Context: The aim of this study is to determine the formability of SG295 (2,2 mm thick) and SG325 (2,3 mm thick) steel sheets, as well as their relationship with the sheets’ behavior in deep drawing and stretching operations. To this effect, chemical, metallographic, and mechanical analyses of the sheets were carried out. Method: The chemical analysis was carried out via optical emission spectrometry, and the metallographic structure was analyzed using the ASTM E3 standard. The intrinsic properties related to the formability of materials such as the elongation to fracture for a 50 mm gauge length, the conventional yield limit at 0,2% elongation, the ultimate strength, the strain hardening exponent, and the anisotropy coefficient at 15% elongation were determined through tensile tests according to ASTM E8M, ASTM E646, and ASTM 517. Forming limit curves were determined under ASTM E2218, for which a device was designed, built, and attached to a universal testing machine.

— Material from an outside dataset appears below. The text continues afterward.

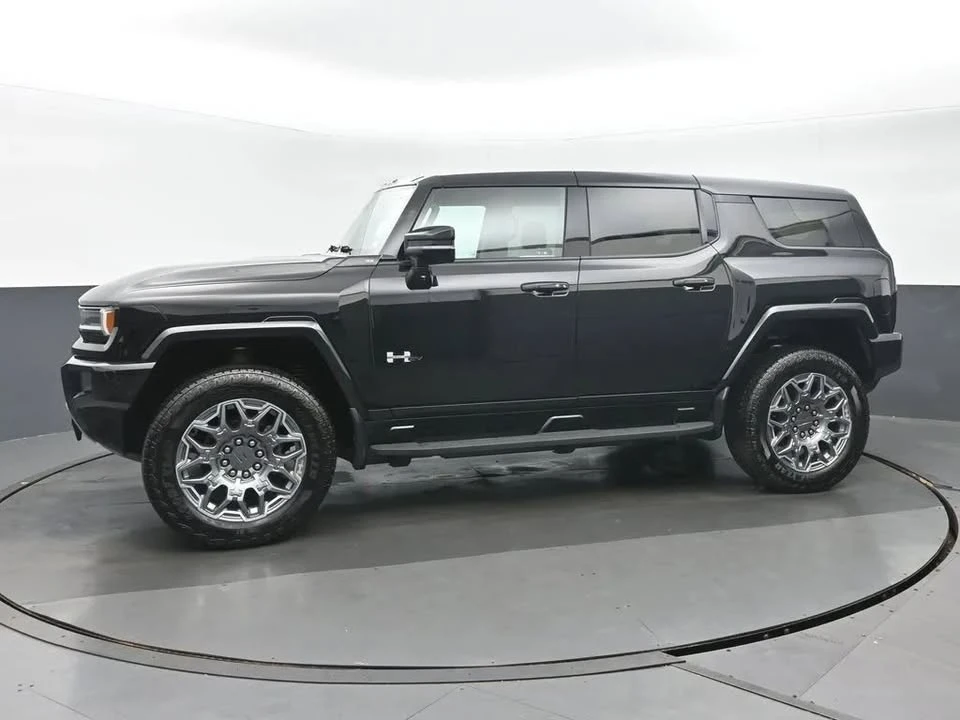 2025 GMC Hummer EV - Image 6 of 16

Results: The results for the SG295 and SG325 steel sheets were as follows: tensile strength; 450 and 520 MPa; elongation at fracture: 24,9 and 17,2%; strain hardening exponent: 0,24 and 0,19; normal anisotropy: 1,64 and 1,29; planar anisotropy: 0,23 and -0,02. The FLD0 determined from the formality limit curves (FLCs) for the two steel sheets showed ε1 values of 0,281 and 0,336, respectively. Conclusions: Although the intrinsic properties (such as A50, n, and rm) of the SG295 steel sheet show values related to a greater formability, the FLCs show that SG325 steel performs slightly better due to its greater thickness.